Violinist Marina Kifferstein is a performer, educator, and experimenter living in New York City. She is a full time member of TAK, the Nouveau Classical Project, and the Rhythm Method, and has performed with a wide range of ensembles and organizations in the US and internationally.
Paola Prestini Charts Global Styles in 'Oceanic Verses'
Monday, December 15, 2014
A slim box, which opens to reveal a stack of neatly folded items: an album poster with concise notes and libretto printed on the back; a single square of paper with a tracklist; a packet containing CD and DVD, with a list of Kickstarter supporters that reads like a who’s who in contemporary music. Paola Prestini’s latest mixed media operatic work, Oceanic Verses, gets off to a good start. The opera, which began as a commission from Carnegie Hall, features a film by Ali Hossaini, and was recorded with the DeCoda Ensemble and the Trinity Wall Street Choir under the direction of Julian Wachner.

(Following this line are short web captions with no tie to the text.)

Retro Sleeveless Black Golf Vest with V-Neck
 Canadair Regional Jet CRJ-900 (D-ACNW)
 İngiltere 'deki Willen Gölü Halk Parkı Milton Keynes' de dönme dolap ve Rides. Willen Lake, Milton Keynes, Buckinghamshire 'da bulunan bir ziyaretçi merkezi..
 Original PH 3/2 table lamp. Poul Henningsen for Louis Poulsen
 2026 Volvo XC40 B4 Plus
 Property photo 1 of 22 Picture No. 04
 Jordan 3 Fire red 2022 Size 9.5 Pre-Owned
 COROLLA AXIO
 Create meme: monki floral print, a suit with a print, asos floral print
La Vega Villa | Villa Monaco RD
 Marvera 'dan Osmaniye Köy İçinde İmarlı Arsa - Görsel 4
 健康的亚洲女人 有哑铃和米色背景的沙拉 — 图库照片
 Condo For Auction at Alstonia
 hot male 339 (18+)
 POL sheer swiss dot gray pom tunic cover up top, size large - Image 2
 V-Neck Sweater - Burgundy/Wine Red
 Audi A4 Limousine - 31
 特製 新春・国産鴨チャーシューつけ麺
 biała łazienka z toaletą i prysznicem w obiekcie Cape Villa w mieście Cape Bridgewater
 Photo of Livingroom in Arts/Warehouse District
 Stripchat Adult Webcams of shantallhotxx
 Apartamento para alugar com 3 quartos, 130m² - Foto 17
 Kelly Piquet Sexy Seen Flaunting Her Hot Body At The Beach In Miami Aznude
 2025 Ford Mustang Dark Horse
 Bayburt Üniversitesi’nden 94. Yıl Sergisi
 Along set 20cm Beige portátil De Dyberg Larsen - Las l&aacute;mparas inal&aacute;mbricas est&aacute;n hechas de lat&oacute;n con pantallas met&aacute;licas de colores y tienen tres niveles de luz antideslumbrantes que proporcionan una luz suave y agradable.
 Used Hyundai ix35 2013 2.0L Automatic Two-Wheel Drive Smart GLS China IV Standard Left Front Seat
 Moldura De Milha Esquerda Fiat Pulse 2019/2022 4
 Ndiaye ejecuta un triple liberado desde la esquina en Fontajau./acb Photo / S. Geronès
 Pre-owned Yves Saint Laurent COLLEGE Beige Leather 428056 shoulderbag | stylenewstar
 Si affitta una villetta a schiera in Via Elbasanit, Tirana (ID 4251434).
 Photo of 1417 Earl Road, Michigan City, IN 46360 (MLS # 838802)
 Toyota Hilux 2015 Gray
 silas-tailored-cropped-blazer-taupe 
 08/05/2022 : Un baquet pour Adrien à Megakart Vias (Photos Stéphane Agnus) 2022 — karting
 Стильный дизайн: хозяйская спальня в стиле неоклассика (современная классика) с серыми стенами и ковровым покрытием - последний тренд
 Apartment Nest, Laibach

The notes open with a description of the opera’s setting: “The Mediterranean Sea and its Italian shores. The Land’s edge offers a promise and a dare to those willing to cross the oceans to reach it.” And with this, we’re off.
The film begins with the opera’s central character, “The Scholar,” played by the stunning vocalist and improviser Helga Davis. This character, described in the notes as an archeologist who is “searching for artifacts that sing of the forgotten, across oceans and across time,” appears to be the most autobiographically motivated of Prestini’s cast. In her journey, she comes across an Adriatic sailor/accordionist who “will tie you in knots,” a peasant who “is tied to her own apron strings,” and a soldier who is “tied to the land.” The opera’s chorus is listed as “the Mediterranean and all that float upon it.”
Prestini’s style weaves folk melodies and field samples with massive choral sections reminiscent of some forgotten Renaissance Mass, all filtered through her own distinctive musical language. The text is largely sourced from major Italian poets from throughout the ages, with snippets of various dialects from the Salento region including Griko, Byzantine Greek, Ladino, and Bourbon Spanish.
Despite a tendency towards exoticism in some sections, especially when paired with Ali Hossaini’s highly stylized triptych film, the overall effect is engaging and quite moving. The major themes of transformation, immigration and culturally complex, layered ethnicity seem to resonate both on a macro level in the age of globalization, as well as on a micro level in what Prestini calls the search for “internal geography.”